Current system and network monitoring tools for ICT systems often only provide an overview over the current status of single system components (CPUs, memory load, available bandwidth, etc.). Just some of the available tools provide administrators with a historical overview or the development of trends and even less provide insight into possible future developments of the monitored systems. Furthermore, most of the monitoring tools single out system components and do not connect all components to a common picture, which is crucial for the analysis of complex distributed systems. Furthermore, the increasing use of cloud infrastructures – with a focus on Infrastructure-as-a-Service offerings – has led to a surge in building more dynamic, fast growing and continuously changing systems. In this environment today’s administrators are confronted more than ever with the requirement to get and keep an overview over these complex distributed infrastructures with the limited
state-of-the-art monitoring tools.
The PIPES-VS-DAMS project aims at building and providing new approaches to analyse, monitor and simulate complex distributed systems that can be found on multiple scales (ranging from web platform providers, via cloud infrastructure providers to Internet service providers). This should be achieved by applying techniques from visual analytics, data mining and dynamic network analysis.
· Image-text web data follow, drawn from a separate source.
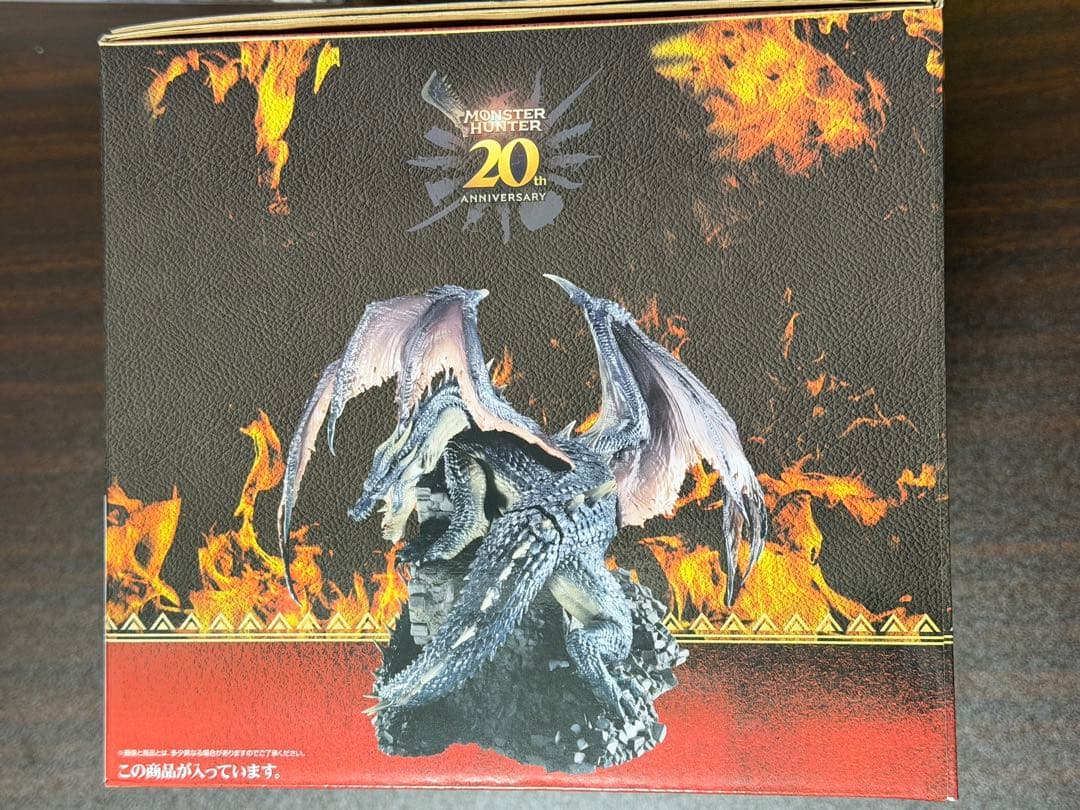 ミラボレアス フィギュア 20周年記念　一番くじ　ラストワン賞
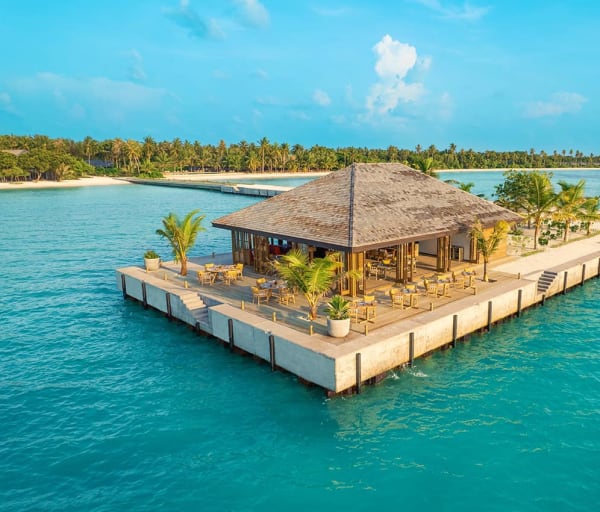 Maldivas jawakara islands restaurante molo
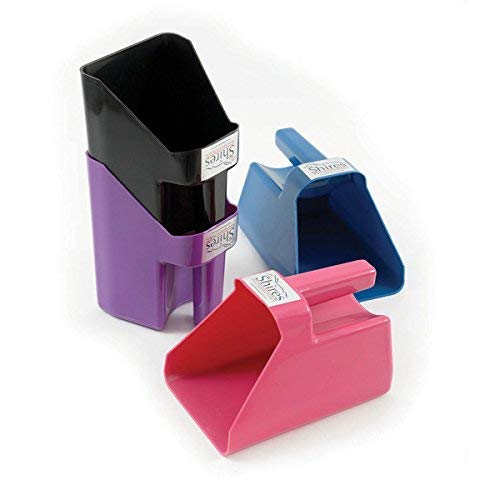 Shires Plastic Feed Scoop - 2qt (Pink)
PIPES-VS-DAMS aims at applying approaches that are already used to analyse social networks and their communication graphs to identify central communication hubs and opinion leaders in distributed computing infrastructures and communication graphs in computer systems to automatically identify central and crucial system components in complex computer infrastructures. This can be applied to identify the flow of visitors on websites, to gain insight into the communication between system components of a cloud infrastructure, or to visualize the data flow in the network infrastructure of an Internet Service Provider. In all these areas, the analysis and identification of core components of distributed infrastructures and how the single components influence each other is of high importance to provide high availability and also to optimize and further develop these complex systems.